Chief Executive Carrie Lam said in June that the Hong Kong government had prepared for the coming launch of the Wealth Management Connect and the southbound Bond Connect schemes that would enhance the connections between financial markets of Hong Kong and the mainland. She said the government would seek new channels to increase the cross-border flow of renminbi with the mainland and strengthen Hong Kong’s status as a renminbi hub.

Chief Executive Carrie Lam said the government would seek new channels to strengthen Hong Kong’s status as a renminbi hub. Photo: RTHK

On Monday, the Hong Kong government held a seminar titled “Seizing the opportunities from the National 14th Five-Year Plan” in the Dining Hall of the Legislative Council Complex.

Lam said Hong Kong’s development had to be tightly linked with that of the mainland, because this was the key to the city’s continued success.

“We should leverage ourselves on our country and face the world. With the unswerving support of the central authorities, we will be able to do more,” she said.

“We need to maintain our competitiveness and we need to achieve prosperity and stability. We will implement the overall jurisdiction of the central authorities over Hong Kong. We will integrate our development into that of the country.”

Luo Huining, head of Beijing’s Liaison Office in Hong Kong, said in the seminar, “Hong Kong must have a thorough understanding of the new development concept of the country, so that we can build a new and comprehensive development pattern.

“The spirit of rejuvenating the great Chinese nation is the trend that cannot be stopped. For Hong Kong, the greatest opportunity of development lies with the mainland. Hong Kong must grasp these opportunities.”

As of August 2020, more than 53% of the trade and investment between the Greater Bay Area and Taiwan had been settled in renminbi, which should be called the largest currency for transaction and settlement in the region, Zhou said.

“In the past two years, the PBoC has emphasized that the Chinese currency should dominate in the transaction and settlement of China’s external trade,” said Zhou.

Director of the Chinese Liaison Office, Luo Huining, said Hong Kong must have a thorough understanding of the new development concept of the country. Photo: AFP

“As Hong Kong has a strong influence in Southeast Asian countries due to its knowledge on the financial situations in the region, it can help Chinese companies facilitate their overseas investments and upgrade industries with their renminbi.”

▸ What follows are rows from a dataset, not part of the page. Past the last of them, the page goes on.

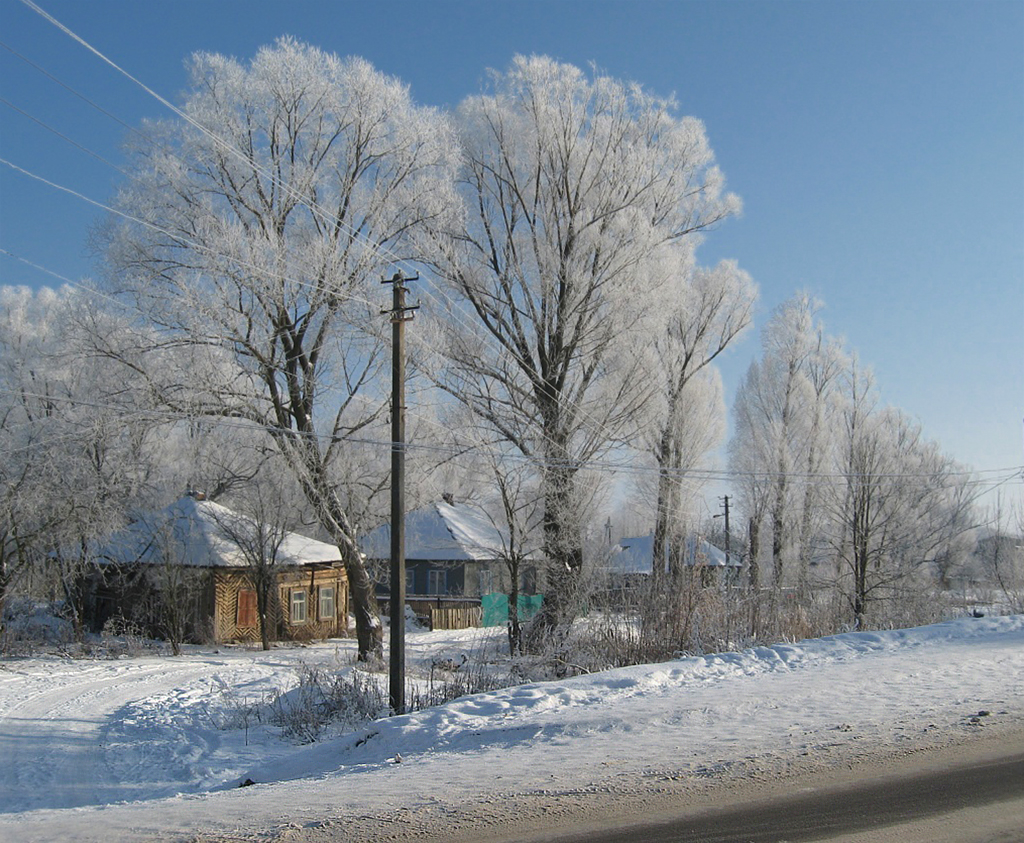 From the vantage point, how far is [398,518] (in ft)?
49.0

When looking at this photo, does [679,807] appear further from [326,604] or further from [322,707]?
[326,604]

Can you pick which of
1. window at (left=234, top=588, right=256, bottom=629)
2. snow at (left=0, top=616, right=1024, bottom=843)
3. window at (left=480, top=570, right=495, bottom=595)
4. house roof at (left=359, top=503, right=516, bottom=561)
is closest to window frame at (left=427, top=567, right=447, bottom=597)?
house roof at (left=359, top=503, right=516, bottom=561)

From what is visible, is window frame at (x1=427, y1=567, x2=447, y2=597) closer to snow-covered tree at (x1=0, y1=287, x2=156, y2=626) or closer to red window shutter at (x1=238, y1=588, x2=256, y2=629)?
red window shutter at (x1=238, y1=588, x2=256, y2=629)

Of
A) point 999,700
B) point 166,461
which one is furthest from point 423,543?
point 999,700

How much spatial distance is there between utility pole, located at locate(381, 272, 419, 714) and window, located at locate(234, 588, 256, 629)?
18758 millimetres

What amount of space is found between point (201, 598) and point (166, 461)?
16.4 feet

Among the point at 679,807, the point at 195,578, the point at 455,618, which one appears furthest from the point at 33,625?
the point at 679,807

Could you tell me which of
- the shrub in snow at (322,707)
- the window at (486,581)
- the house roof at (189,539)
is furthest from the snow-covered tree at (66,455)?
the window at (486,581)

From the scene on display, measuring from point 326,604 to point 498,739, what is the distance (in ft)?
92.3

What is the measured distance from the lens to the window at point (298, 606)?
3409 centimetres

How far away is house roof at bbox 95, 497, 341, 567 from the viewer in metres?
30.0

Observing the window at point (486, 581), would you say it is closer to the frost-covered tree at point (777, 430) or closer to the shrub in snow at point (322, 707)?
the frost-covered tree at point (777, 430)

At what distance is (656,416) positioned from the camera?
81.5 feet

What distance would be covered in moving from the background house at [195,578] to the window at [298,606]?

Zhou urged the Hong Kong government to undergo reforms and launch new policies to help achieve renminbi internationalization.

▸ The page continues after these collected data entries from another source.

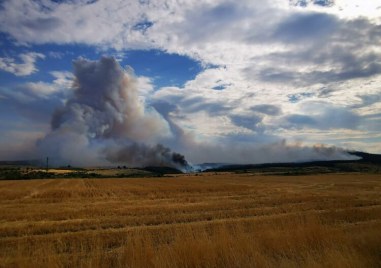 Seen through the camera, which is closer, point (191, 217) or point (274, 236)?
point (274, 236)

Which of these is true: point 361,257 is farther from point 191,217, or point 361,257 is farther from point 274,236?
point 191,217

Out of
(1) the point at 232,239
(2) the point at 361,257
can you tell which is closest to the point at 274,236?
(1) the point at 232,239

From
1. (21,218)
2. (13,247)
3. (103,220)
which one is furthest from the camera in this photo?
(21,218)

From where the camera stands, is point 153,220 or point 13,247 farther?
point 153,220

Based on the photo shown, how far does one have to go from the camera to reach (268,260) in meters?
8.97

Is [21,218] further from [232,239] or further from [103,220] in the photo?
[232,239]

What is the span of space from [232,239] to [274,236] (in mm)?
1405

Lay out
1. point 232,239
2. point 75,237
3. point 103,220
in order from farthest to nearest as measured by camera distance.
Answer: point 103,220, point 75,237, point 232,239

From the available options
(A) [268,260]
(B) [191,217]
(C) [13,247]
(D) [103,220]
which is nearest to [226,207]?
(B) [191,217]

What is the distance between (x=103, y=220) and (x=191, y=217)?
4.70m

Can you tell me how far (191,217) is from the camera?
2028 cm

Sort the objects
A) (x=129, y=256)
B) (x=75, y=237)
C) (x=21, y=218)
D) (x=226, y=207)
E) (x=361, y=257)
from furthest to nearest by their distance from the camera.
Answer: (x=226, y=207) → (x=21, y=218) → (x=75, y=237) → (x=129, y=256) → (x=361, y=257)

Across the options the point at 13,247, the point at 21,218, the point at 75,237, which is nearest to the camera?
the point at 13,247

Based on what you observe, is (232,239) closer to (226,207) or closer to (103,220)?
(103,220) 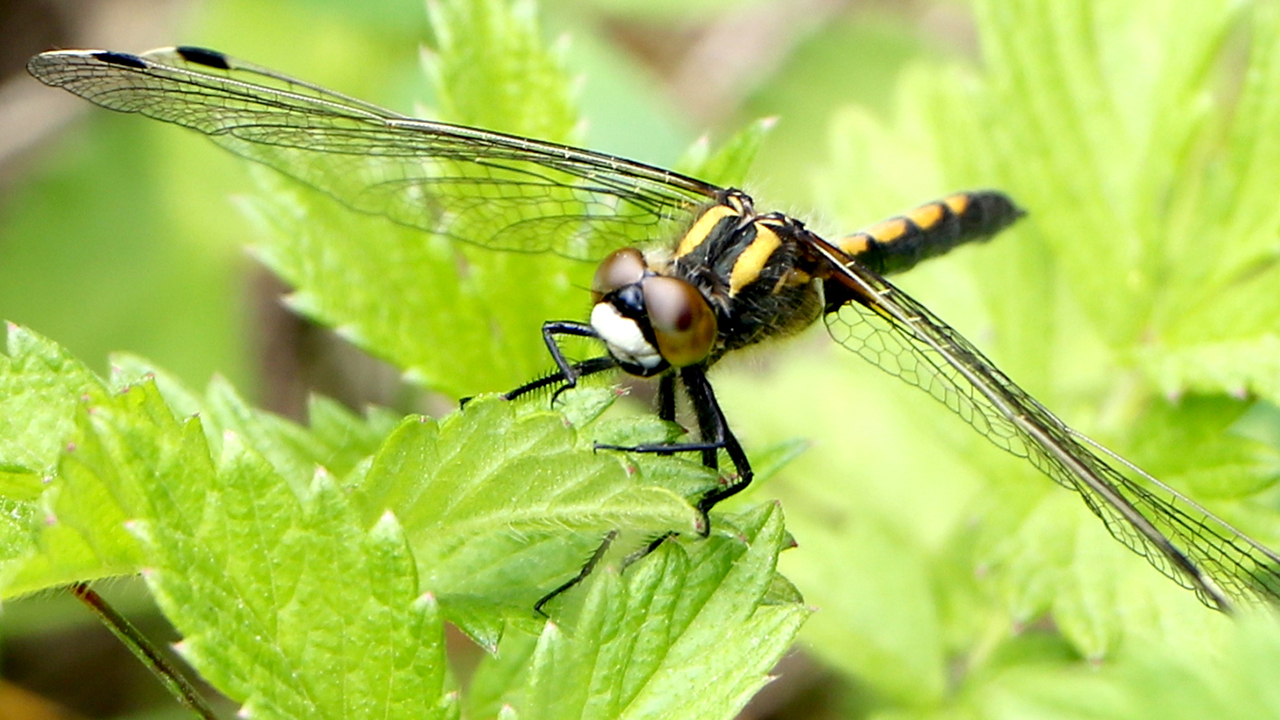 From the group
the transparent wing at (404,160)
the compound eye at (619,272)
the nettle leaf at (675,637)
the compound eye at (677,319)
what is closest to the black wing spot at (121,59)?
the transparent wing at (404,160)

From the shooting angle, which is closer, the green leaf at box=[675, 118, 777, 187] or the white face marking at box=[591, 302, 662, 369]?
the white face marking at box=[591, 302, 662, 369]

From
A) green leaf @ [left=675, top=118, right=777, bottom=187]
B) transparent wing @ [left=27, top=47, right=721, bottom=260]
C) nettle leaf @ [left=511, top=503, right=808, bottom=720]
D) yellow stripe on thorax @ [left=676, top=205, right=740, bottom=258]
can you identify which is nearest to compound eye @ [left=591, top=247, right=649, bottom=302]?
yellow stripe on thorax @ [left=676, top=205, right=740, bottom=258]

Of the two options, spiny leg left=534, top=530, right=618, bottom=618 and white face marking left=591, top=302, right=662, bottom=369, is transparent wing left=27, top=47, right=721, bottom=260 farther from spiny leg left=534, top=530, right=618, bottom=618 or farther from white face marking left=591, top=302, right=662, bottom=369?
spiny leg left=534, top=530, right=618, bottom=618

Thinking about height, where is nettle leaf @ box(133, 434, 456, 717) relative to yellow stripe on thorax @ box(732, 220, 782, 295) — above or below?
below

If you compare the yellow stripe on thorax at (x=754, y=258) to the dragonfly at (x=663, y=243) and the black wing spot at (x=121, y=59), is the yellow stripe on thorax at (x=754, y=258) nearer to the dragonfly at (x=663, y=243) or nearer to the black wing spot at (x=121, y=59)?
the dragonfly at (x=663, y=243)

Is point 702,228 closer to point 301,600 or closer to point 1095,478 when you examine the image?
point 1095,478

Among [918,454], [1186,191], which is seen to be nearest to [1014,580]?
[918,454]

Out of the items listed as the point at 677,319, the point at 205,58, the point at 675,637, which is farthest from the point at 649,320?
the point at 205,58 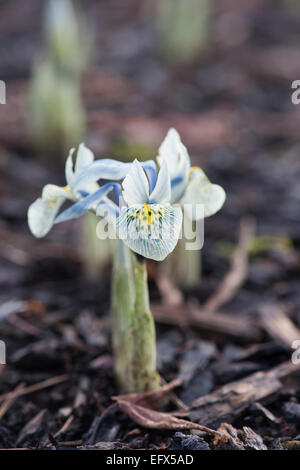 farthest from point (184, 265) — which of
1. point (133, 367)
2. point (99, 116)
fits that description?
point (99, 116)

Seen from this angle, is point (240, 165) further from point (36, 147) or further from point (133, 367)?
point (133, 367)

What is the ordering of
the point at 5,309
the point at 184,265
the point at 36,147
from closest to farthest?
1. the point at 5,309
2. the point at 184,265
3. the point at 36,147

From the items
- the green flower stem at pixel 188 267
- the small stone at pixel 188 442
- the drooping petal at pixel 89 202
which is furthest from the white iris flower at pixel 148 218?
the green flower stem at pixel 188 267

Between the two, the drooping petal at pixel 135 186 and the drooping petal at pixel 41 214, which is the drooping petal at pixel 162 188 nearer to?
the drooping petal at pixel 135 186

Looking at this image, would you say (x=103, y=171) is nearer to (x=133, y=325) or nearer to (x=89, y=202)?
(x=89, y=202)

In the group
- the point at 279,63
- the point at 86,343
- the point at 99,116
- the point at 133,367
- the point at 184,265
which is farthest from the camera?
the point at 279,63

Joseph Yam, an Executive Council member and the former chief executive of the Hong Kong Monetary Authority, said Hong Kong had a role to help connect the financial markets of the mainland and foreign countries and integrate itself into China’s “dual circulation” development paradigm. He suggested that investors should be allowed to trade Hong Kong stocks in renminbi.

Salina Yan Mei-mei, Permanent Secretary for Financial Services and the Treasury (Financial Services), said the government remained open to the launch of more renminbi investment products in Hong Kong but the pace would depend on market demands and regulatory approvals.

The central government’s latest move to highlight Hong Kong’s status as an international renminbi hub came after Beijing decided to delay the implementation of its Anti-Foreign Sanctions Law in Hong Kong last Friday.

Analysts have warned that foreign banks may have to quit Hong Kong as they won’t be able to comply with US sanctions and China’s anti-sanctions law at the same time. They said the exodus of foreign banks would hit Hong Kong’s markets and slow the pace of renminbi internationalization.

Yam said Monday that it would better to spend more time to look into the potential impact of the Hong Kong version of the anti-sanctions law. He said when Carrie Lam was sanctioned by the US, she took the initiatives to close her bank accounts to prevent her banks from getting into a difficult situation. However, Yam said when there was an anti-sanctions law in Hong Kong, it’s unlikely that foreign countries, particularly the US, would allow Hong Kong-based foreign banks to not enforce their sanctions.